Which feature to use? - Githubissues

SeanLee97 / AnglE

Train and Infer Powerful Sentence Embeddings with AnglE | 🔥 SOTA on STS and MTEB Leaderboard

https://arxiv.org/abs/2309.12871

MIT License

454 stars 32 forks source link

Which feature to use? #19

Closed yuanze1024 closed 9 months ago

yuanze1024 commented 9 months ago

Thank you for your works. I'm new to NLP, and I want to know which feature to use to cluster similar sentences?

After UAE(non retrieval), I'll get a (n, 1024) feature, should I use the starter token's feature same as E5?

And BTW, I found that using E5, "A red teddy bear wearing blue shirt" is very similar to "A blue teddy bear wearing red shirt". Similarly, "A man riding a horse" will be close to "A horse riding a man", is that a problem for all algorithms?

SeanLee97 commented 9 months ago

hi @yuanze1024, thanks for following our work.

1) Right, if you get a (n, 1024) feature, you should take the first one as the sentence embedding.

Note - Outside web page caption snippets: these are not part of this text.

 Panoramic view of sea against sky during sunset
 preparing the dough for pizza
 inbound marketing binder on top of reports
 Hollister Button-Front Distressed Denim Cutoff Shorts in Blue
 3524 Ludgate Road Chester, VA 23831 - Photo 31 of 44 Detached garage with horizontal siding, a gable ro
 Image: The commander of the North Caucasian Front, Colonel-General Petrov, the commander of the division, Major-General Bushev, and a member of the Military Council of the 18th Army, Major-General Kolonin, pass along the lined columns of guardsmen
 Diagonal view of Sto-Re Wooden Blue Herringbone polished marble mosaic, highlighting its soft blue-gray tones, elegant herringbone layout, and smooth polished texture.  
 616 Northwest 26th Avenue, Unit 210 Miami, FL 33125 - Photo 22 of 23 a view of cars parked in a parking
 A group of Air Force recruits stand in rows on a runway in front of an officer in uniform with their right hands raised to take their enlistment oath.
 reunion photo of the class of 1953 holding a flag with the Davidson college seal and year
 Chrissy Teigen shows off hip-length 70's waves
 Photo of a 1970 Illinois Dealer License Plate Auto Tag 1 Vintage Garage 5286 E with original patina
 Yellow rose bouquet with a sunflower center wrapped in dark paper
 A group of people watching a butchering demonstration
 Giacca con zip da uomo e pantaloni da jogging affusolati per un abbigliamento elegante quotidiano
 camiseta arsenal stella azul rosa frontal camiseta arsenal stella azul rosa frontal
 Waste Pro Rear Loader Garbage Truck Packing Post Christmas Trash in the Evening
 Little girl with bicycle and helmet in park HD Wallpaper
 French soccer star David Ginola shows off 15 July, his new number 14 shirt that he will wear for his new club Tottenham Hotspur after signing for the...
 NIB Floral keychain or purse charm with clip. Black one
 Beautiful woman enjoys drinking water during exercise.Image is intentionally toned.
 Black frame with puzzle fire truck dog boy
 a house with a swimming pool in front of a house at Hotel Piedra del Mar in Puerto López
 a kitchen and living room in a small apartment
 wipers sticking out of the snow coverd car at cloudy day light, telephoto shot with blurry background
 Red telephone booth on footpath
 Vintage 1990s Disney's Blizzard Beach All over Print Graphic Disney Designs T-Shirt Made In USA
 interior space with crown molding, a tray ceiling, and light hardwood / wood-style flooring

Or you can use our library angle_emb to extract the sentence embeddings, as illustrated in UAE (non-retrieval)

2) I think so, because there are few of these hard cases in existing training datasets. If you want to improve the performance of these hard cases, you should collect more hard data and fine-tune it.

yuanze1024 commented 9 months ago

OK, I see. Thank you for you really quick response.